Thursday, November 4, 2010
Going To Pot?
While we can argue whether, or not, we are business friendly, we cannot say we are investment friendly.
Personally, I did not want the BHP Billiton deal to be accepted. I thought the bid was too low. I felt BHP was trying to take advantage of the situation and steal a valuable resource at a rock bottom price. But, it doesn't matter what I think, or necessarily what some government minister thinks. The only people with a say in the matter should be the share holders. If, collectively, they didn't think the deal was fair, then it is up to them to say so.
It was abundantly clear that public sentiment was not in favour of this deal. What bothers me, though, is any government that would make choices that further their own political agenda, regardless of the impact on shareholders and Canada's reputation at large. I know people will say it doesn't make any difference in the long run, and perhaps it won't. It isn't this one incident that concerns me, however. It is the growing trend of saying one thing while actually doing another.

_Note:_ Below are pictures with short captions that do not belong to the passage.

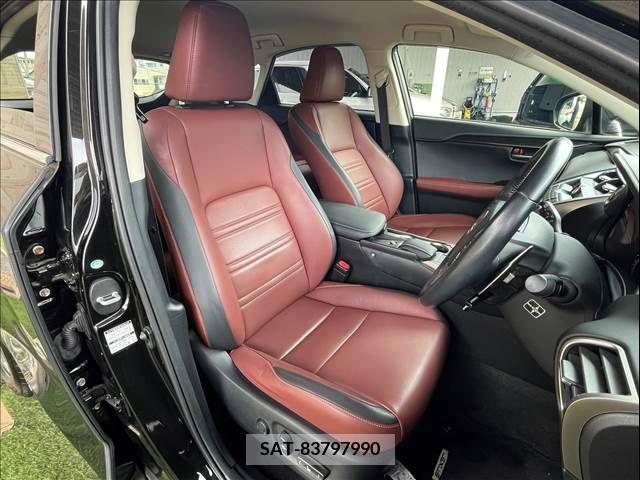 Lexus NX 2015-07 353989-4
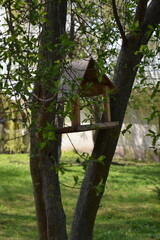 Cute little birdhouse in the forest. High quality photo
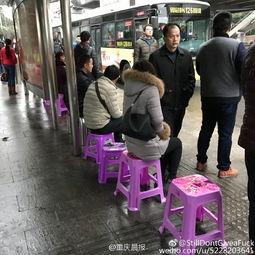 重庆婆婆最新爆料,家庭琐事中的温馨与智慧
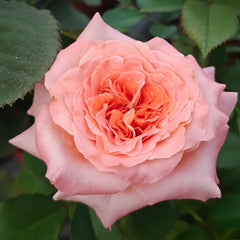 Special Song Rose Plant｜特别情歌 image 1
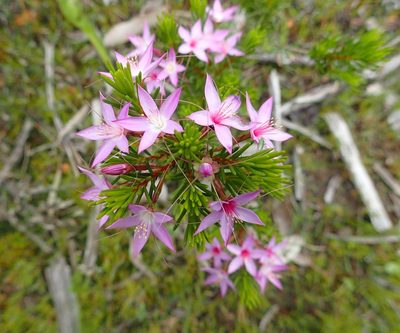 Calytrix glutinosa, photographed by botanygirl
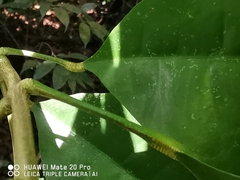 Maclurodendron porteri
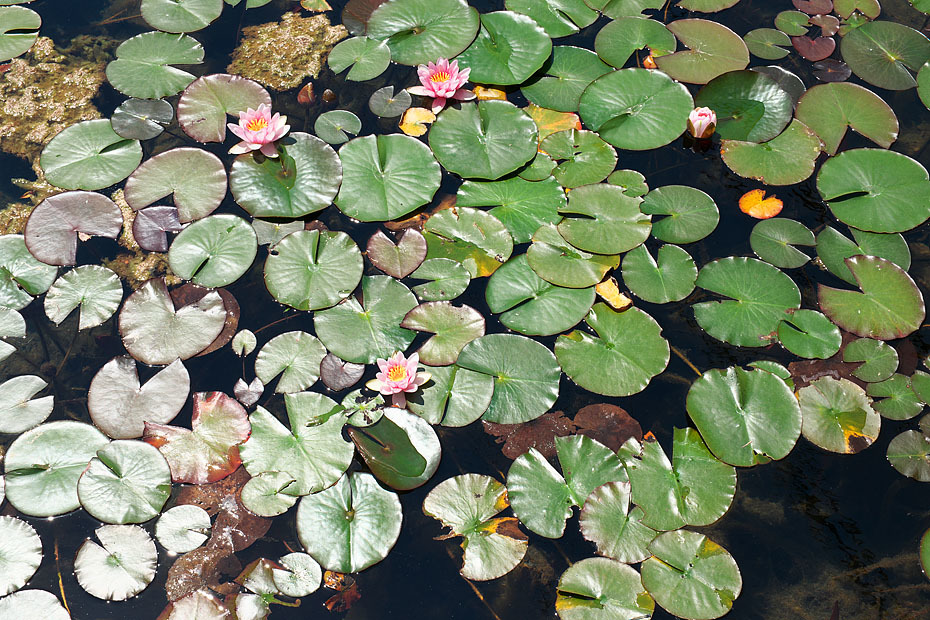 c0067040_22012500.jpg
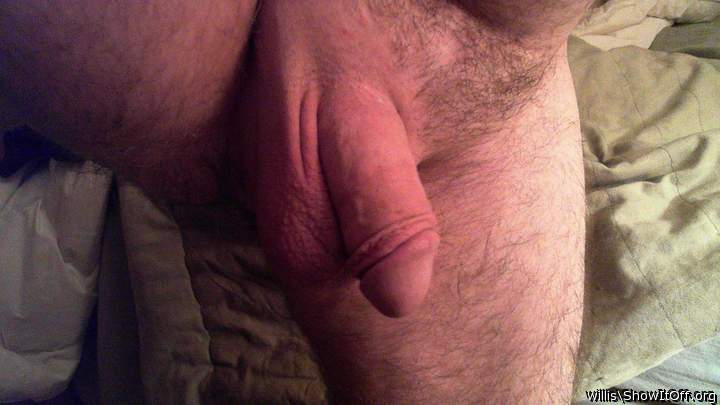 Adult image from willis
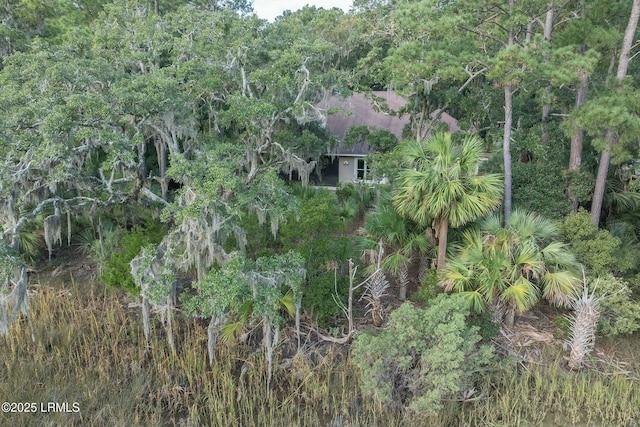 drone / aerial view featuring a view of trees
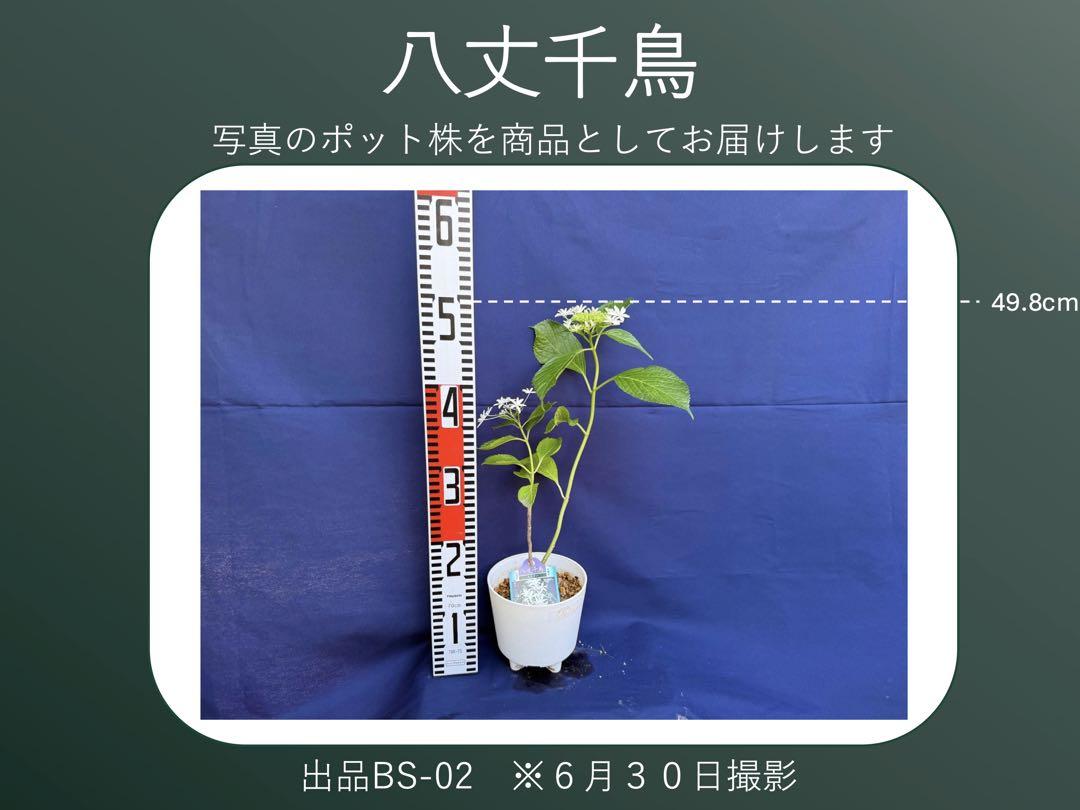 あじさい八丈千鳥BS-03(開花実績株 小サイズ) - メルカリ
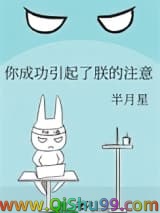 你成功引起了朕的注意小说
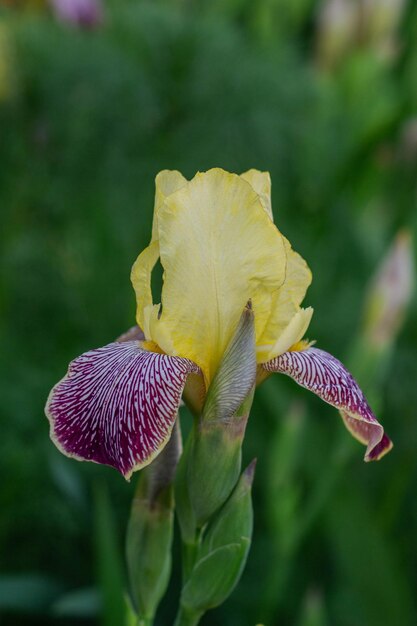 Bellissimi fiori di iris gialli stanno sbocciando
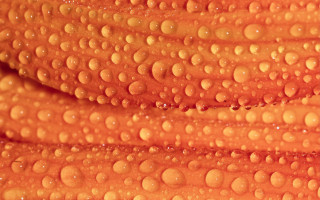 Water droplets orange abstract macro - the edge free wallpaper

I even appreciate the patriotism that compels people to want to hold onto this valuable Canadian resource. Whoops, did I say Canadian? Did anyone point out the fact it is already an American company, with a head office in the U.S.? Different politicians and labour leaders were quick to point out that other jurisdictions would never allow such an important national resource to be taken over. My question to them is, "How is that working for their economies?" Would you rather adopt the Russian economy? How about the U.S.? Perhaps any of the European economies, most especially Portugal, Italy, Ireland, Greece, Spain, or the U.K.? I have to believe one of the most important catalysts to growth in this country has been, and is, foreign investment.
We should all demand governments with vision, one's not afraid to deviate from the herd and stand for real principles and not just follow public opinion of the day. Not that I believe Canada is the only country to blame. If the world economy is currently on a downswing, as anybody but those trying to hawk debt would believe, protectionism is surely alive, well, and on the spread. Do we really want to repeat the mistakes of the past? As Forrest would say, that would just be stupid!